→ WHAT TO DO:
Can you restate the records below word for word?

→ TASK MATERIAL:
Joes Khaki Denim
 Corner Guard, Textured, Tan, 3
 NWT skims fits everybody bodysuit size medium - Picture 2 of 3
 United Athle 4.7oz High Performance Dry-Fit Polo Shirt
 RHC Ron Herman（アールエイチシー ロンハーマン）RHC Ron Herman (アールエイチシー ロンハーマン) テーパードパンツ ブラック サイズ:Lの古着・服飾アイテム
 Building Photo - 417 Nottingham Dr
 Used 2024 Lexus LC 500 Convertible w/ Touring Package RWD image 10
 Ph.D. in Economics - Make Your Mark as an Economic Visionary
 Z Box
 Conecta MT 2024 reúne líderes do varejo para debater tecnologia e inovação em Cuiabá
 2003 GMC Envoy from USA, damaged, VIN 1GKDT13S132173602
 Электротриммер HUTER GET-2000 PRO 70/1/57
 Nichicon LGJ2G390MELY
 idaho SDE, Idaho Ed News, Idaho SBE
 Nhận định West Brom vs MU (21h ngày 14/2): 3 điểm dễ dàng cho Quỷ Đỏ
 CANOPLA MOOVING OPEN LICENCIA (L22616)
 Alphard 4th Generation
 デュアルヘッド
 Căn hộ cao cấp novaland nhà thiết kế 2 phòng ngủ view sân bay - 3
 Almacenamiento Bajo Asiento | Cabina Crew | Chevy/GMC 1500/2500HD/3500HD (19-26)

→ PROBLEM SOLUTION:
Joes Khaki Denim
 Corner Guard, Textured, Tan, 3
 NWT skims fits everybody bodysuit size medium - Picture 2 of 3
 United Athle 4.7oz High Performance Dry-Fit Polo Shirt
 RHC Ron Herman（アールエイチシー ロンハーマン）RHC Ron Herman (アールエイチシー ロンハーマン) テーパードパンツ ブラック サイズ:Lの古着・服飾アイテム
 Building Photo - 417 Nottingham Dr
 Used 2024 Lexus LC 500 Convertible w/ Touring Package RWD image 10
 Ph.D. in Economics - Make Your Mark as an Economic Visionary
 Z Box
 Conecta MT 2024 reúne líderes do varejo para debater tecnologia e inovação em Cuiabá
 2003 GMC Envoy from USA, damaged, VIN 1GKDT13S132173602
 Электротриммер HUTER GET-2000 PRO 70/1/57
 Nichicon LGJ2G390MELY
 idaho SDE, Idaho Ed News, Idaho SBE
 Nhận định West Brom vs MU (21h ngày 14/2): 3 điểm dễ dàng cho Quỷ Đỏ
 CANOPLA MOOVING OPEN LICENCIA (L22616)
 Alphard 4th Generation
 デュアルヘッド
 Căn hộ cao cấp novaland nhà thiết kế 2 phòng ngủ view sân bay - 3
 Almacenamiento Bajo Asiento | Cabina Crew | Chevy/GMC 1500/2500HD/3500HD (19-26)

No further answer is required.